EXERCISE INSTRUCTIONS: The copy has to match the records word for word and include no pictures.

Entries taken from a collection:
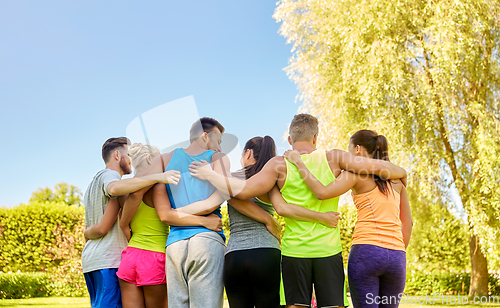 Image of group of happy sporty friends hugging outdoors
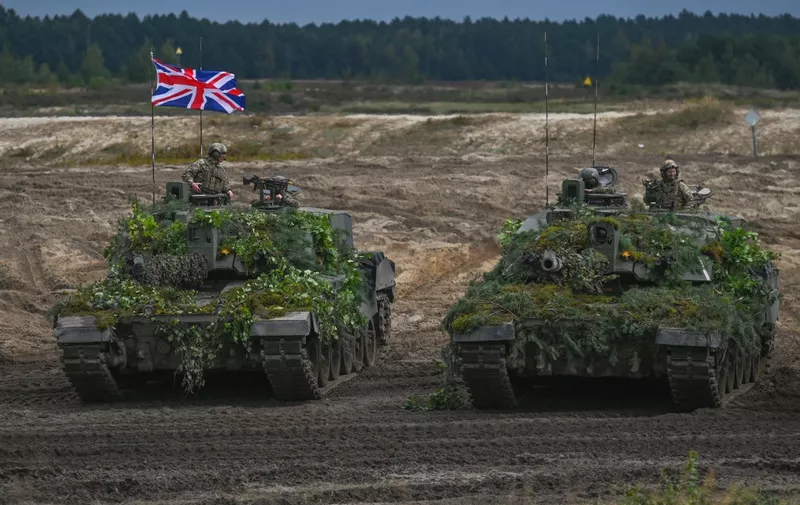 British Army Challenger 2 tanks are seen at the training ground in Nowa Deba on September 21, 2022, in Nowa Deba, Subcarpathian Voivodeship, Poland.
Soldiers from Poland, the USA and Great Britain take part in the joint military exercise 'BEAR 22' (Polish: Niedzwiedz 22') in the Eastern Poland. (Photo by Artur Widak/NurPhoto) (Photo by Artur Widak / NurPhoto / NurPhoto via AFP)
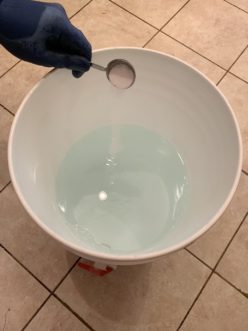 Adding Powdered Brewery Wash (PBW) to a brewing bucket of clean, potable water.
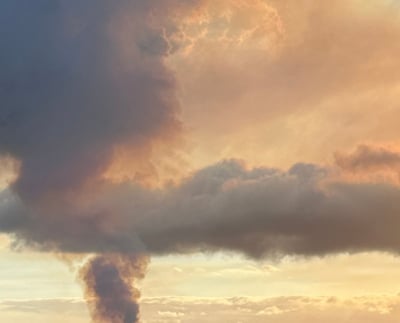 steam rising from vents caught in golden hour sunlight with kilauea eruption in the background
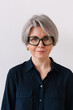 © Viktor Solomin/Stocksy - Woman with stylish glasses and short gray hair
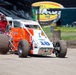 A dirt track racing scene featuring an orange and white open-wheel sprint car numbered 18, sponsored by 'OFR' and 'Engler', driven by Kenny Gentry. The car is being pushed or escorted by a person on an ATV/quad bike on a dirt surface. The setting appears to be a racing pit or staging area at a motorsport event.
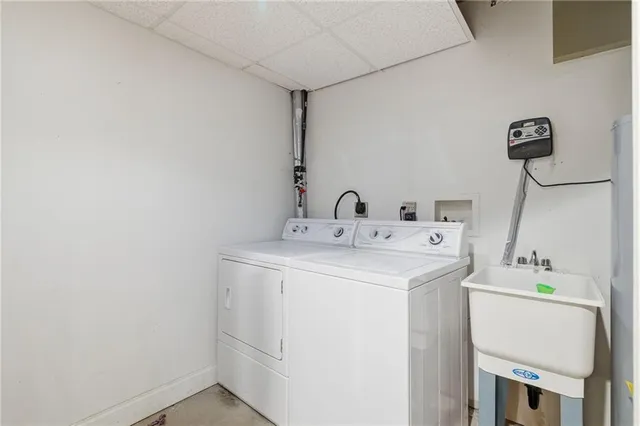 a utility room with dryer and washer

WRITTEN RESPONSE:
 Image of group of happy sporty friends hugging outdoors
 British Army Challenger 2 tanks are seen at the training ground in Nowa Deba on September 21, 2022, in Nowa Deba, Subcarpathian Voivodeship, Poland.
Soldiers from Poland, the USA and Great Britain take part in the joint military exercise 'BEAR 22' (Polish: Niedzwiedz 22') in the Eastern Poland. (Photo by Artur Widak/NurPhoto) (Photo by Artur Widak / NurPhoto / NurPhoto via AFP)
 Adding Powdered Brewery Wash (PBW) to a brewing bucket of clean, potable water.
 steam rising from vents caught in golden hour sunlight with kilauea eruption in the background
 © Viktor Solomin/Stocksy - Woman with stylish glasses and short gray hair
 A dirt track racing scene featuring an orange and white open-wheel sprint car numbered 18, sponsored by 'OFR' and 'Engler', driven by Kenny Gentry. The car is being pushed or escorted by a person on an ATV/quad bike on a dirt surface. The setting appears to be a racing pit or staging area at a motorsport event.
 a utility room with dryer and washer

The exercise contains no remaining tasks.